I. THE BEGINNINGS, extending from the founding of the colony at Jamestown in 1607 down to about 1800.

II. THE CREATIVE IMPULSE, extending from the first decade of the nineteenth century to the civil war.

III. THE PERIOD OF LATER ACTIVITY, extending from the civil war to the present time.

It will be well, at this point, to note also some geographical distinctions. Before the wide diffusion of our literature with the growth of our territory and population, it flourished only along the Atlantic seaboard. That region may be conveniently divided into three sections: the North, or Massachusetts Bay region-New England-with a literary capital at Boston; the South, or the region about the James River and Chesapeake Bay, with literary capitals (in the later time) at Richmond, Baltimore, and Washington; and the somewhat vaguely defined intermediate region of the Hudson and Delaware Rivers, with capitals at New York and Philadelphia. We shall find first one and then another of these sections the centre of the highest literary activity.

ᏢᎪᎡᎢ 1

BEGINNINGS

FROM THE SETTLEMENT OF VIRGINIA IN 1607 TO THE

END OF THE EIGHTEENTH CENTURY

CHAPTER 1

THE COLONIAL PERIOD.-CAVALIER, PURITAN, AND QUAKER

1607-1765

Our forefathers did not find it easy to cultivate simultaneously the soil and the Muses. Their situation, like that of most colonists, was an unnatural one. There was a lack of harmony between themselves and their surroundings which only generations of slow adjustment could remedy. On the one hand they were far too civilized to develop a folkliterature of song and legend, while on the other hand their environment was too primitive to foster that literature of culture which the educated element among them was fitted to enjoy. In England the era immediately before and after the colonization of America was eminently an era of court literature. Sir Philip Sidney, courtier, warrior, romancer, and poet, was the ideal of the early Elizabethans. Spenser never ceased to mourn his half-enforced banishment to the wilds of Ireland. The dramatists flocked to London. Bacon rose to be lord chancellor and a peer. Milton, half a century later, was secretary to the Commonwealth. Dryden was poet laureate. Addison was secretary of state. Pope was a London "wit," who throve, like his predecessors, under a system of liberal patronage. It was too much to expect that the men who crossed the sea and changed their sky should change also their nature and find in their strange surroundings inspiration to some new kind of song.

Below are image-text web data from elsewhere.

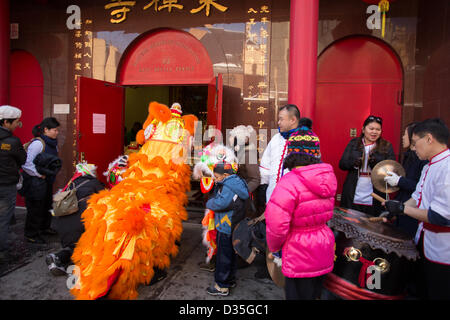 La ville de New York, États-Unis, 10 février 2013. Un lion entre dans l'Association bouddhiste de l'Est à l'Est du Temple Dhyana sur Division Street, apportant la bonne chance avec elle, comme la communauté chinoise de New York célèbre le Nouvel An lunaire avec un pétard et un festival culturel. Banque D'Images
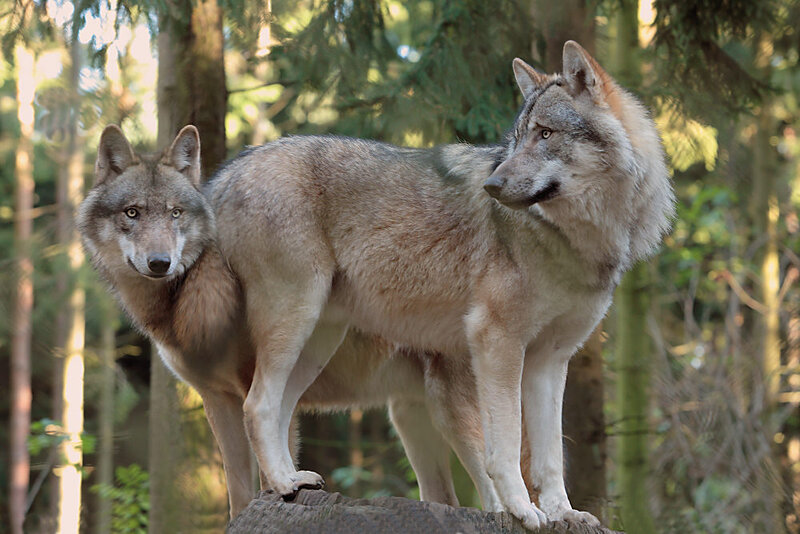 Two Wolves in Forest — Gray, Alert, Afternoon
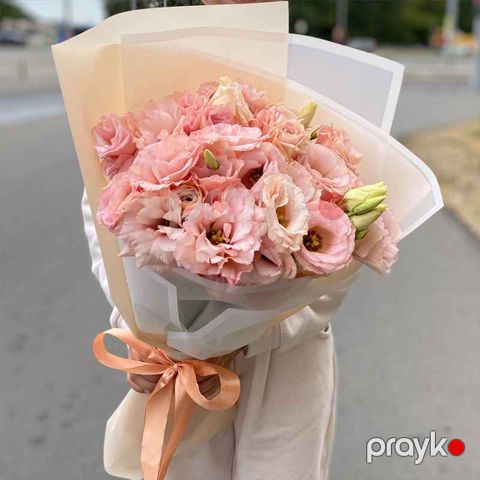 Eustoma - code:2019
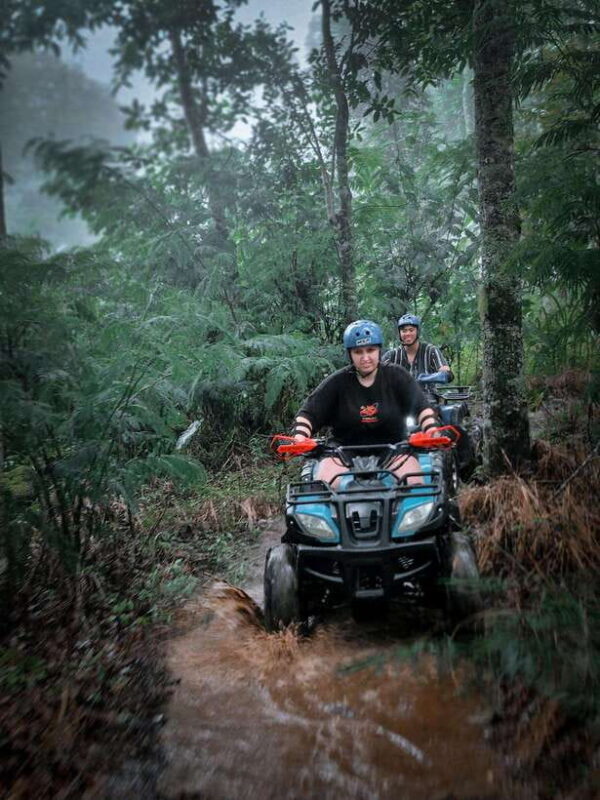 Bali: Dolphin Swimming Tour with ATV Quad Bike & Waterfall - Who Should Consider This Tour?
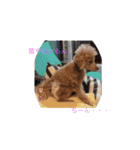ときどき博多弁ごんちゃんの一生（個別スタンプ：12）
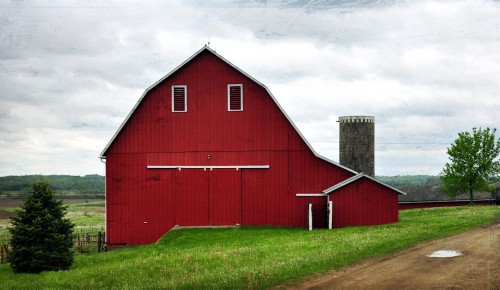 Red Barn Jigsaw Puzzle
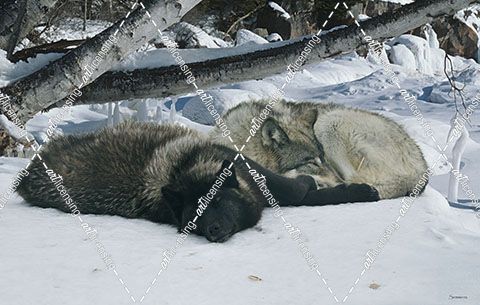 Zoo Wolf 02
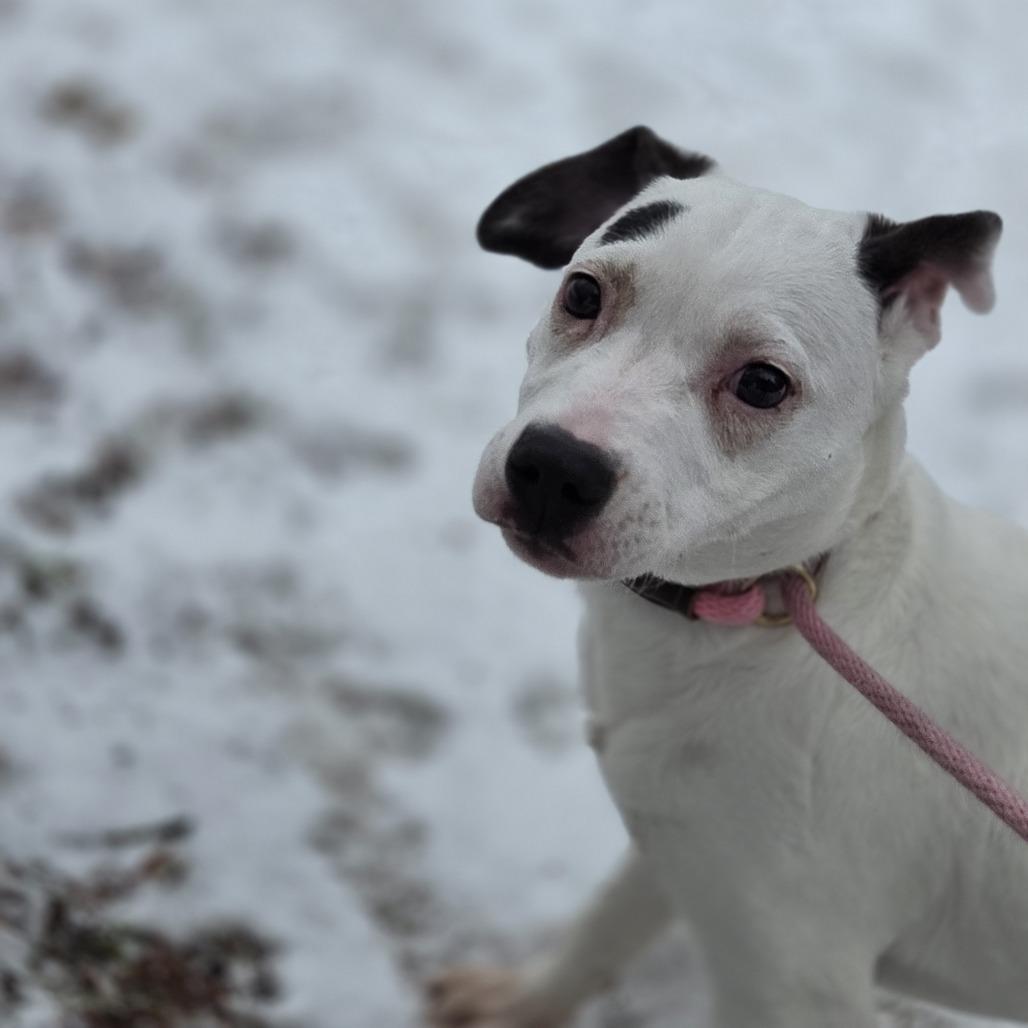 Enlarge Purdie, a Adoptable mixed breed in Pittsford, VT image 3/3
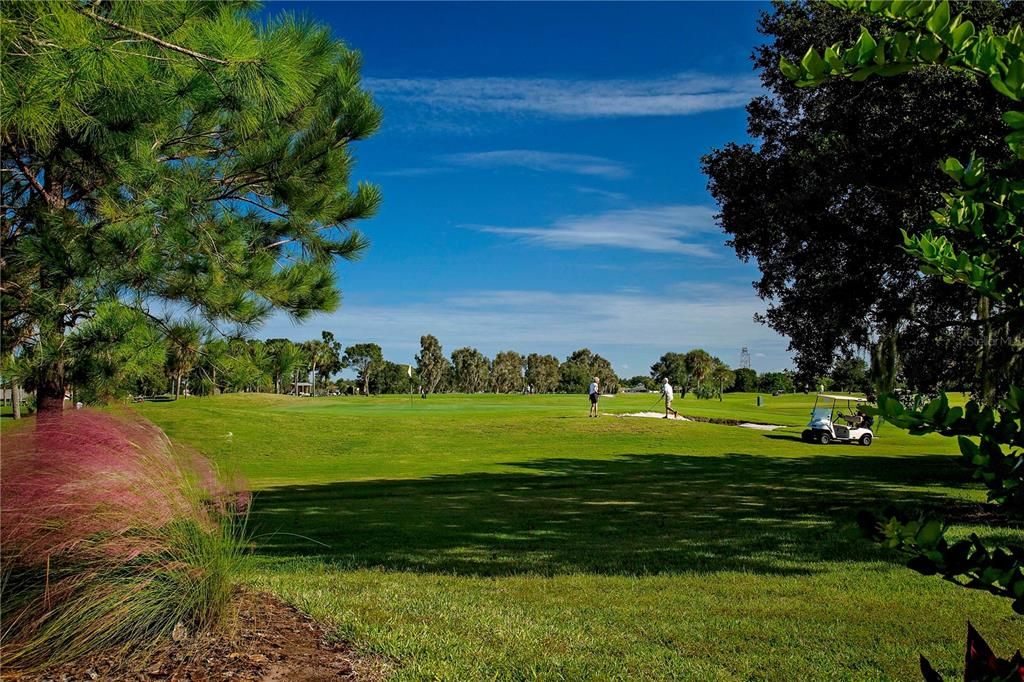 Sun City Center has optional golf memberships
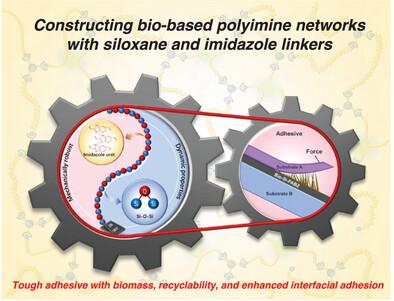 Soft-Rigid Construction of Mechanically Robust, Thermally Stable, and Self-Healing Polyimine Networks with Strongly Recyclable Adhesion.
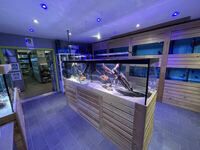 AWARD WINNING AQUATICS SHOP BUSINESS FOR SALE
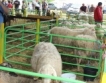 Френски овце на изложението в Сливен 2016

Of course, an original genius might have arisen here.

But original geniuses are rare, and the actual numbers of the new inhabitants were so small that the law of chance was against such an event. Besides, men or families with a strong bias toward literature and art were not likely to cast in their lot with bands of adventurers. The charms of nature were little felt or understood. The modern romantic spirit was not yet rife, and poets did not fly to the wilderness to assuage their woes or minister to their love of the picturesque. Not for more than a century was a Chateaubriand to visit our shores, penetrate the "forest primeval," and stand in rapt admiration on the banks of the Mississippi while the trunks of fallen oaks and pines floated past him between the islands of yellow waterlilies. Moreover, those of Puritan faith, coming here for freedom to worship God after their own manner, were almost wholly bound up in that worship. The emotional side of their nature, finding the satisfaction of its needs in their religion, led them neither to the solace of the fields and the sky nor to the delights of art. Of art, indeed, they were suspicious, as something concerning itself more with form than with spirit, a worship, as it were, of graven images, and intimately connected with Rome and Romanism, the objects of their most deadly hatred.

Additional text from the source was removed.